Data Acquisition Tool Flume

Source: Internet
Author: User

Overview
Apache Flume is a distributed, reliable, and available system. Ability to efficiently collect, summarize and move large amounts of log data from many different sources, one centralized data store.
The use of Apache's flume is not limited to log data aggregation. Since the data source is customizable, flume can be used for a large number of events (each row of data is treated as an event) data including but not limited to
In the transmission of network data, social media generates data, email and virtually any data source possible.
Apache Flume is the top project of the Apache Software Foundation and currently has two versions of the code, versions 0.9.x and 1.x. 1.x is a new architecture that has been re-improved in performance and configuration
The flexibility to encourage users to use.

System Requirements
1, Java:java 1.6 or later (Java 1.7 is recommended);
2, Memory: Configure the use of sources, channels, sinks need to have enough memory;
3, disk space: Configure the use of channels, sinks need to have enough disk space;
4, directory permissions: The use of the agent needs to have the directory read and write permissions;

Data flow model
The flume event is defined as a valid byte in the data flow and an optional string property setting.
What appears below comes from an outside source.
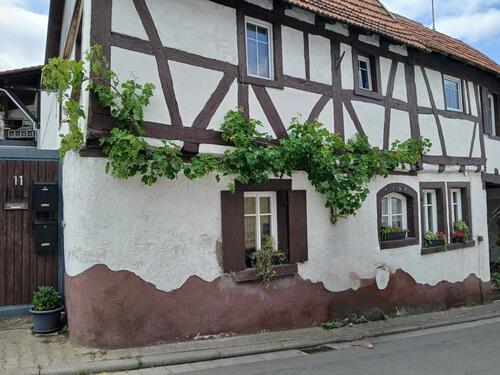 Foto - 1.5 Zimmer Etagenwohnung zur Miete in Grünstadt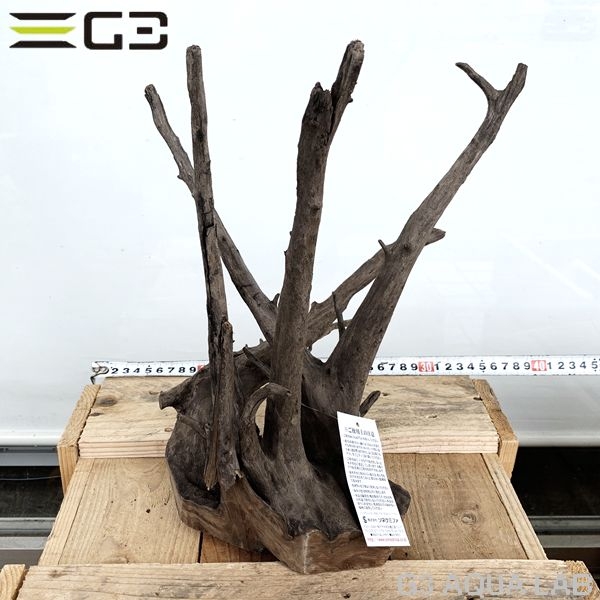 No,182�����ͥ��ߥե����֥�å��ۡ���ή�ڡ�L������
Flume is the (JVM) process in which a host part passes an event stream from an external source to the next destination (hop).

The flume source consumes an external source like a Web server passed to the event. An event emitted by an external source flumeflume the source in a format identified by the target. For example, a company's flume source can be used to send events from a corporate customer or other flume agent to receive Avro events from a company's catchment. A similar process can be defined using frugal flume sources to receive events from sinks or Flume thrifty RPC clients or frugal writing in any language generated from Flume's frugal agreement. When the flume source receives an event, it is saved as one or more channels. A channel is a passive store that causes an event to be consumed until it flumeflume. The file channel is an example – supported by the local file system. Flume removes the event from the channel and turns it into an external repository like HDFs (via the Flumehdfs library) or forwards to the next Flume,flume source agent (Next hop) in the flow. The agent on the given source and sink runs asynchronously on the channel staged event.

Complex flow
Flume allows the user to establish multiple agents in the event stream. It allows to support fan-in and fan-out, context Routing and backup routing, skipping failures when reaching the destination.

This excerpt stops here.